---------- ENTRIES SHOWN ----------

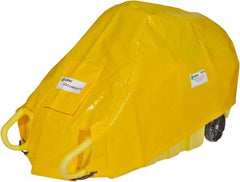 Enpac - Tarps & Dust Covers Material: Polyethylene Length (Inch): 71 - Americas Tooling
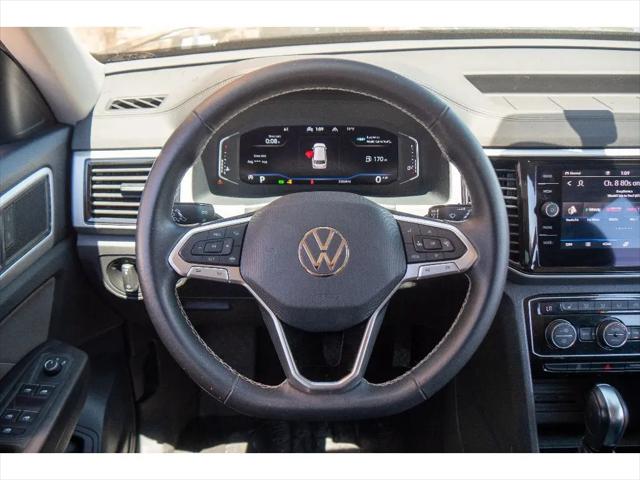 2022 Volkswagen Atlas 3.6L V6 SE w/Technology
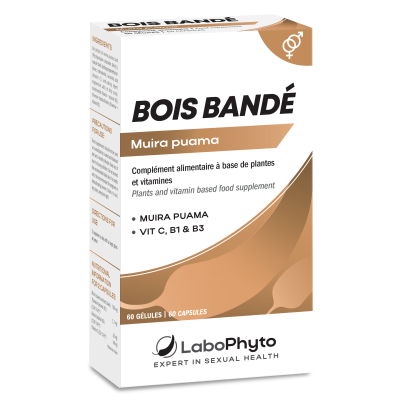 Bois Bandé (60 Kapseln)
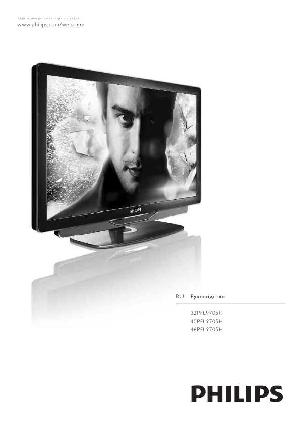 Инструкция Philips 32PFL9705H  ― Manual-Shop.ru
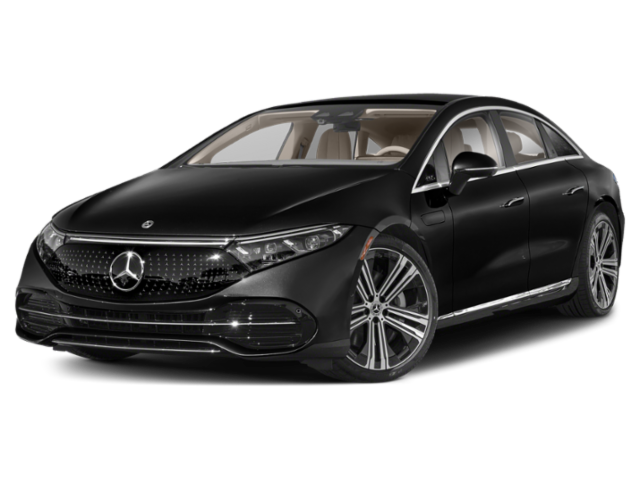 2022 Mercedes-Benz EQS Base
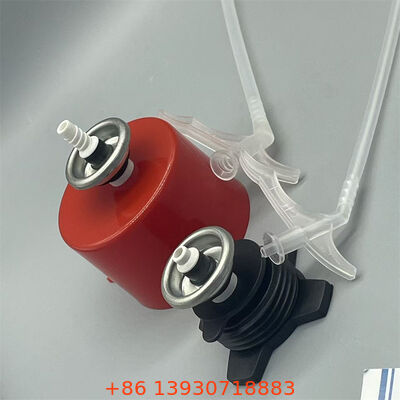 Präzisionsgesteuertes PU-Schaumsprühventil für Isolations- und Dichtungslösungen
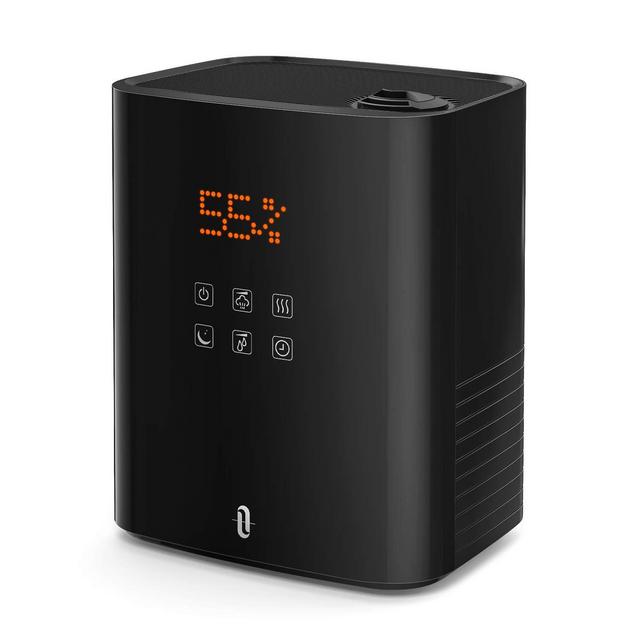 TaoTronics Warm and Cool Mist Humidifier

----------
---------- ENTRIES SHOWN ----------

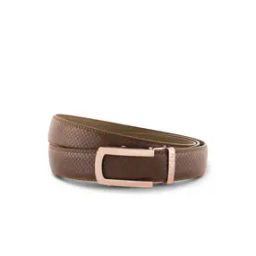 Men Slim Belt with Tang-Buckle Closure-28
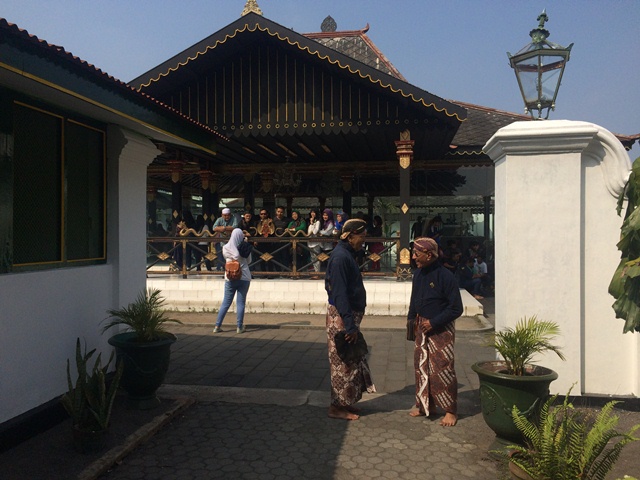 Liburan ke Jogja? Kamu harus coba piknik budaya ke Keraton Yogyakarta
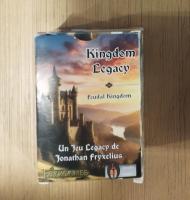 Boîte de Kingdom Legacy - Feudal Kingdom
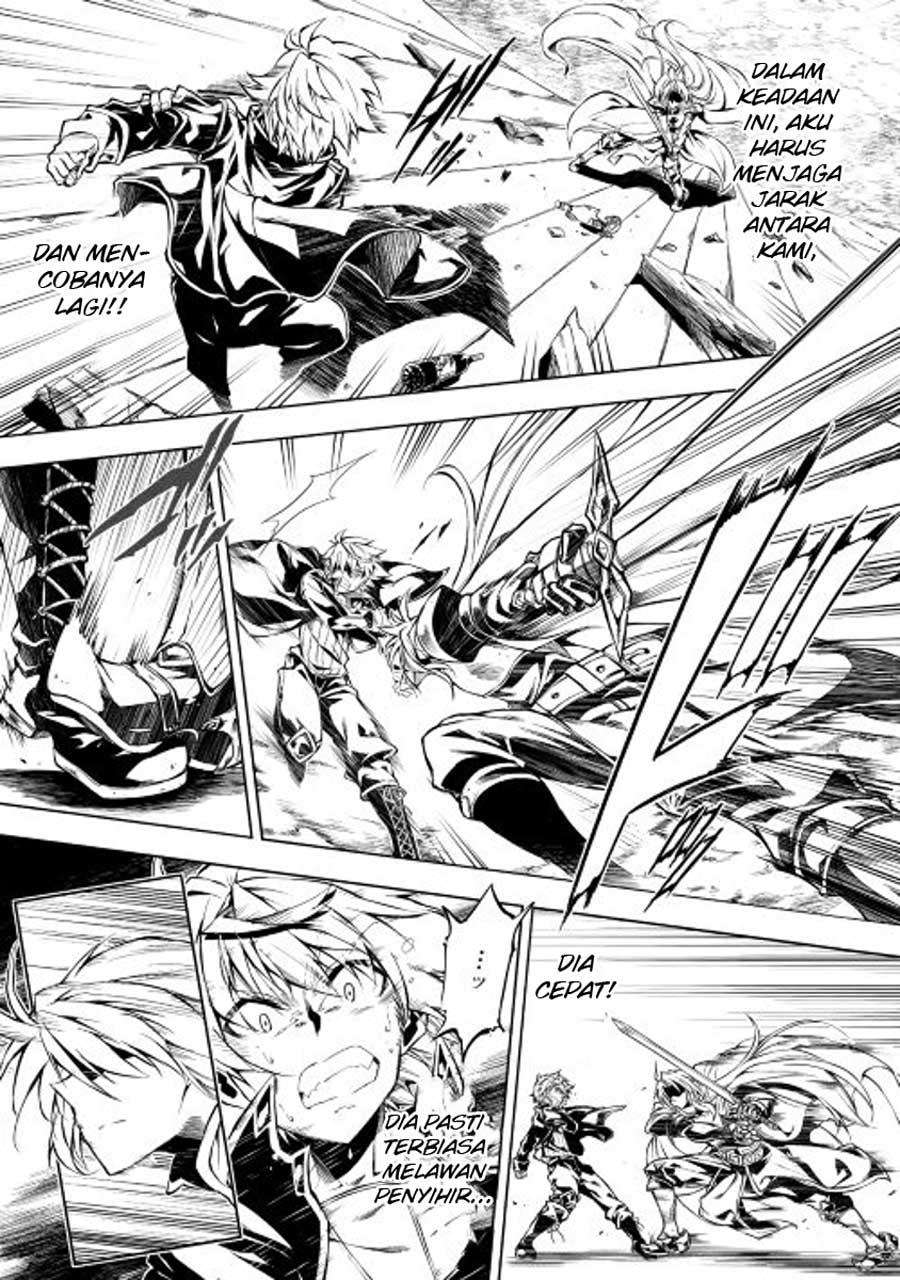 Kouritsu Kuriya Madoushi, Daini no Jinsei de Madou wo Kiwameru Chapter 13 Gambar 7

----------

TRY IT. Go to the line above that has "Liburan ke Jogja?" and copy exactly from there down to the line that has "Kouritsu Kuriya Madoushi, Daini", both included. Leave the pictures out.

TASK ANSWER.
 Liburan ke Jogja? Kamu harus coba piknik budaya ke Keraton Yogyakarta
 Boîte de Kingdom Legacy - Feudal Kingdom
 Kouritsu Kuriya Madoushi, Daini no Jinsei de Madou wo Kiwameru Chapter 13 Gambar 7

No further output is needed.